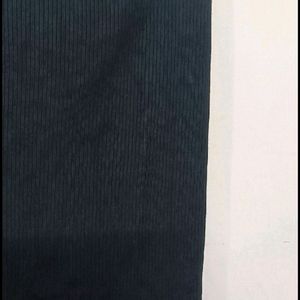 Woolen Side Slit Stretchable Long Skirt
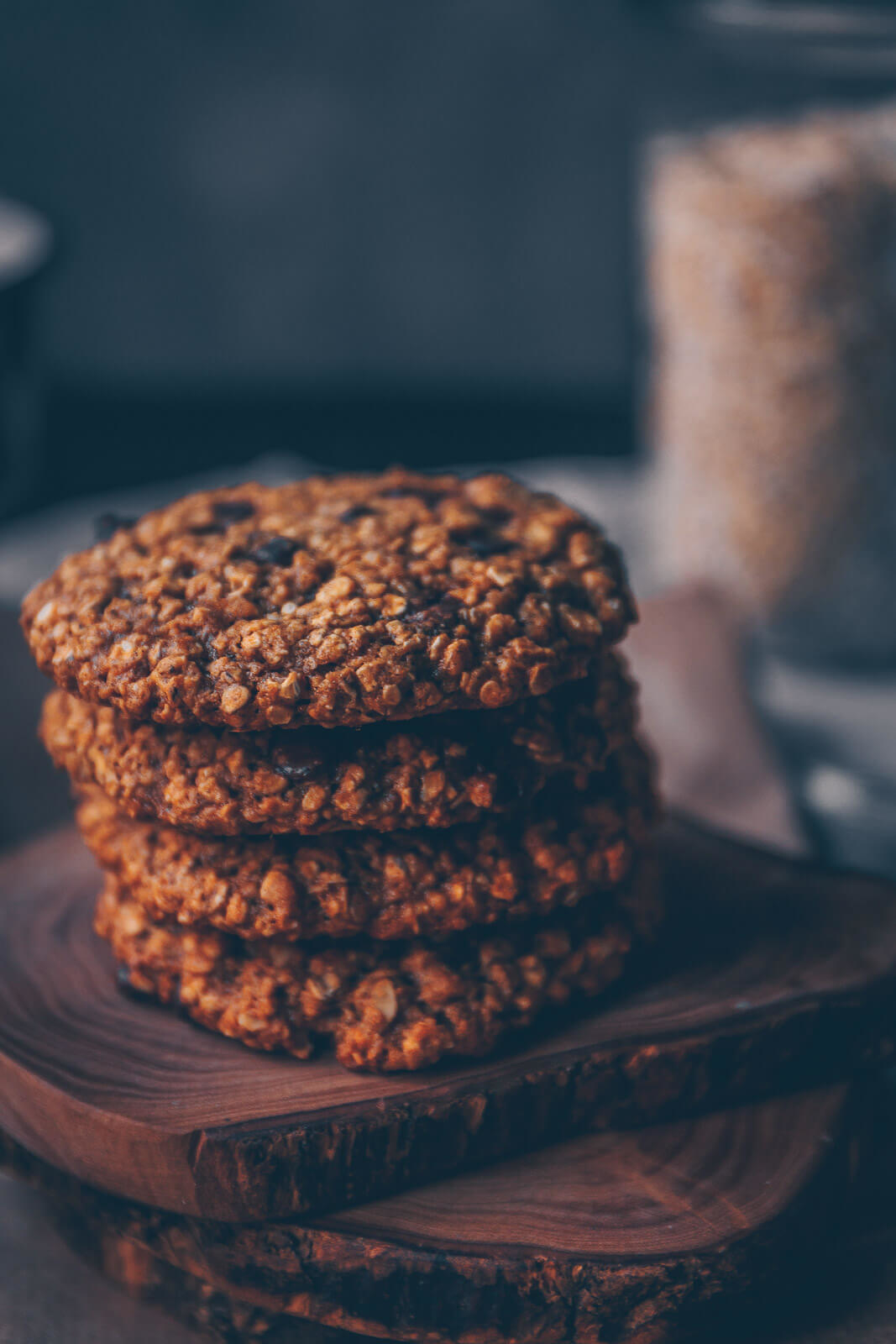 Chocolate Chip Cookies mit Hafer, Haferkekse mit Schokodrops, Schokokekse Hafer, Haferkekse vegan Rezept, Rezept Kekse vegan, Chocolate Cookies vegan Rezept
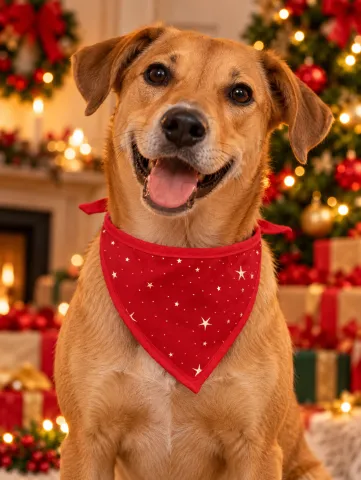 NT70-Bandana De Natal Sortidas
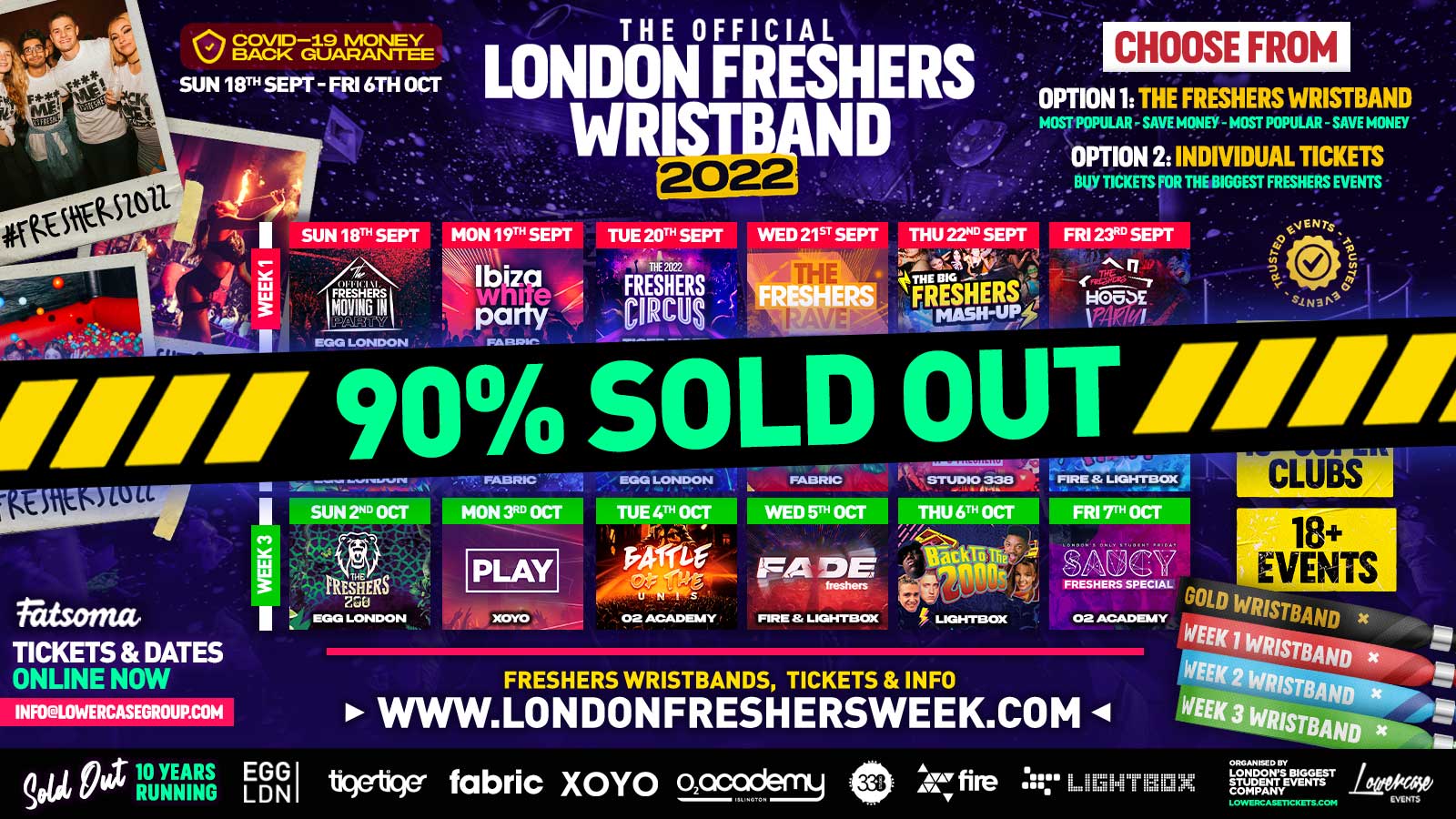 The Official London Freshers Wristband 2022 90 SOLD OUT ⚠️ at Best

- WHAT YOU SHOULD DO: Leaving out the pictures, reproduce the whole listing above exactly.

- RESPONSE:
 Woolen Side Slit Stretchable Long Skirt
 Chocolate Chip Cookies mit Hafer, Haferkekse mit Schokodrops, Schokokekse Hafer, Haferkekse vegan Rezept, Rezept Kekse vegan, Chocolate Cookies vegan Rezept
 NT70-Bandana De Natal Sortidas
 The Official London Freshers Wristband 2022 90 SOLD OUT ⚠️ at Best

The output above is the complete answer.